According to a leading market intelligence firm, Ethereum’s (ETH) gas fees have plunged to levels not seen since the crypto markets crashed in May 2021.
In a new report by Santiment, the low gas fees on Ethereum indicate that interest in using the dominant smart contract platform has considerably decreased.
“Ethereum fees are so low last days. We could even notice they’ve been that low before previous bottoms. Low fees mean very little activity, no one is interested to do anything.”
Dai (DAI), a stablecoin built on the Ethereum network, is also being considered by the crypto analytics business. According to Santiment, DAI’s money velocity supports the concept that market players have little interest in using the second-largest crypto asset by market cap right now.

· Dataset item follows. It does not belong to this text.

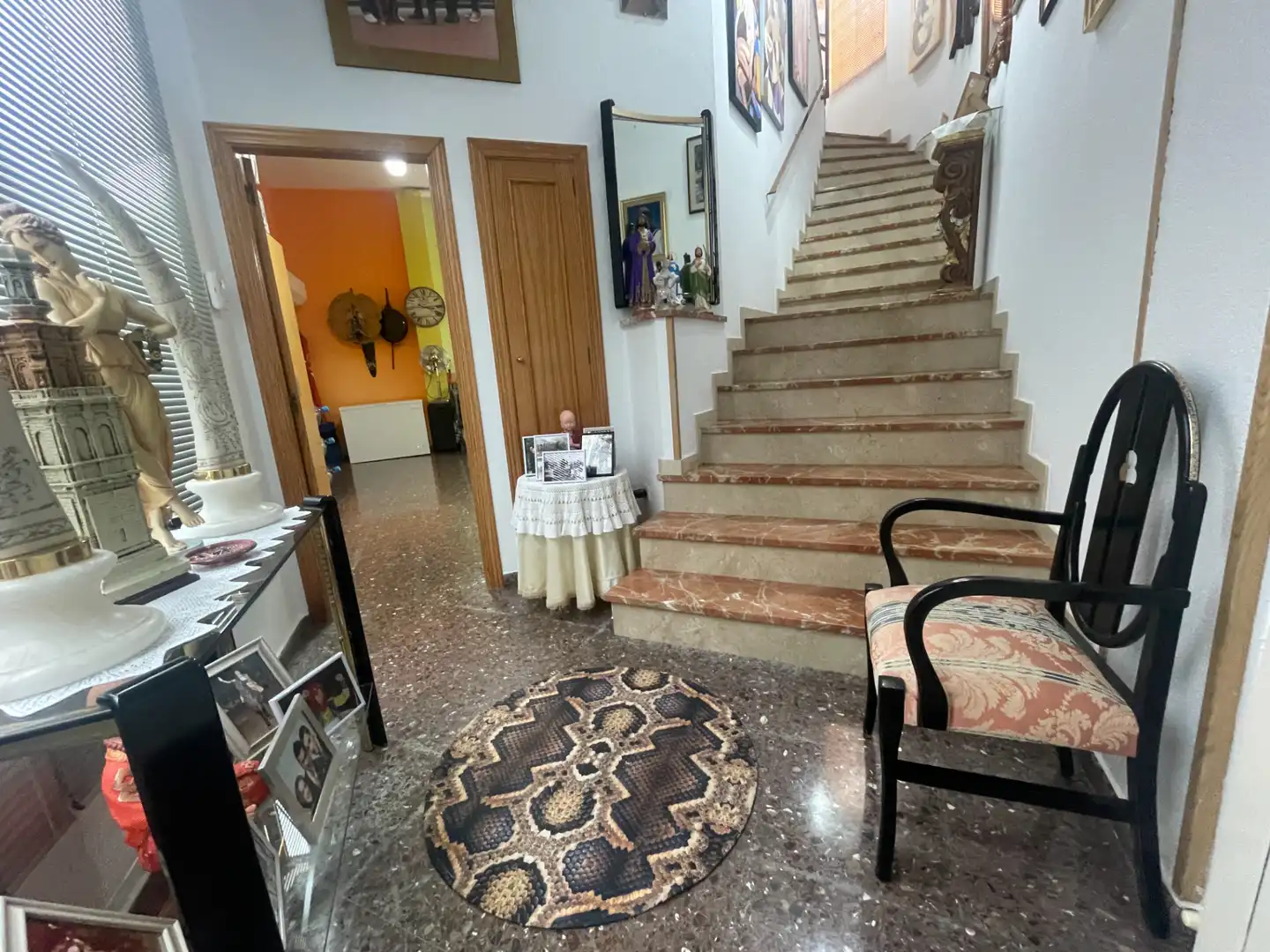 Casa a schiera con terrazza in vendita a Sant Rafael, imagen 9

“It looks like velocity (a measure of how quickly money is circulating in the crypto economy) has always decreased when we went to the top. Quite low now. What are these two charts showing together is hibernation. It happens typically in winter. Bears sleeping in winter. Waiting for a trigger…”
According to the crypto analytics organization, Dai’s money velocity and Ethereum’s extremely low gas fees indicate “stagnancy” and “fear” among market participants.
Ethereum is changing hands at $1,890 at the time of writing, an 8.7% drop from its seven-day peak of $2,070, according to CoinCu data.